RedditData¶
Implementation for the Reddit network dataset.
A graph dataset representing Reddit posts, where nodes are posts and edges indicate that the same user commented on both posts.
Parameters
- api_typestr, optional
API selection (‘dgl’ or ‘torch_geometric’), defaults to ‘dgl’.
- pathstr, optional
Dataset directory path, defaults to ‘./downloads/’.
Methods
- load_dgl_data()¶
Load Reddit dataset using DGL’s RedditDataset loader. Uses pre-defined node features, labels, and splits for training, validation, and testing.
- load_tg_data()¶
Load Reddit dataset using PyTorch Geometric (PyG) loader. Extracts dataset features, node labels, and masks for training, validation, and testing.
Attributes
- graph: dgl.DGLGraph¶
The graph data structure (when using DGL).
- dataset_name: str¶
Name of the dataset (“reddit”).
- node_number: int¶
Number of nodes in the graph.
- feature_number: int¶
Dimension of node features.
- label_number: int¶
Number of unique node labels.
- features: torch.Tensor¶
Node feature matrix.
- labels: torch.Tensor¶
Node label tensor.
- train_mask: torch.Tensor¶
Boolean mask indicating training nodes.
- val_mask: torch.Tensor¶
Boolean mask indicating validation nodes.

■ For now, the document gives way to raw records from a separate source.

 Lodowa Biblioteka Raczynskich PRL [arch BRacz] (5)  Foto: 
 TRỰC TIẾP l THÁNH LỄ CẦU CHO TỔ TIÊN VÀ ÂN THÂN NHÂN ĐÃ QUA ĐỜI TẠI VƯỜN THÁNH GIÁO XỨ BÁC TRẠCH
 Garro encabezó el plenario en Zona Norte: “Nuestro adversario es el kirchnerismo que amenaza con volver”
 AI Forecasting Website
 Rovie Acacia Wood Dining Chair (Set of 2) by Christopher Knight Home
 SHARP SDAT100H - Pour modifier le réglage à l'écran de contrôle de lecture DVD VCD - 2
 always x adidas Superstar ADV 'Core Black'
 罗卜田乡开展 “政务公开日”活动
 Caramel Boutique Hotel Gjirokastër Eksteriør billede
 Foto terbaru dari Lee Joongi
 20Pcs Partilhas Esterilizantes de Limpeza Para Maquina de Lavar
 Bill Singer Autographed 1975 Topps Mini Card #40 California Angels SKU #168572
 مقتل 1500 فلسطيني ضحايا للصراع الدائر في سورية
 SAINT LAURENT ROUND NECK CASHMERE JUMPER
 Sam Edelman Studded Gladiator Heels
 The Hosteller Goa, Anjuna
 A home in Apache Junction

- test_mask: torch.Tensor¶
Boolean mask indicating testing nodes.
- dataset: torch_geometric.datasets.Reddit¶
The PyG dataset object (only available in PyG implementation).
- data: torch_geometric.data.Data¶
The PyG data object (only available in PyG implementation).
- edge_index: torch.Tensor¶
Edge list representation (only explicitly set in PyG implementation).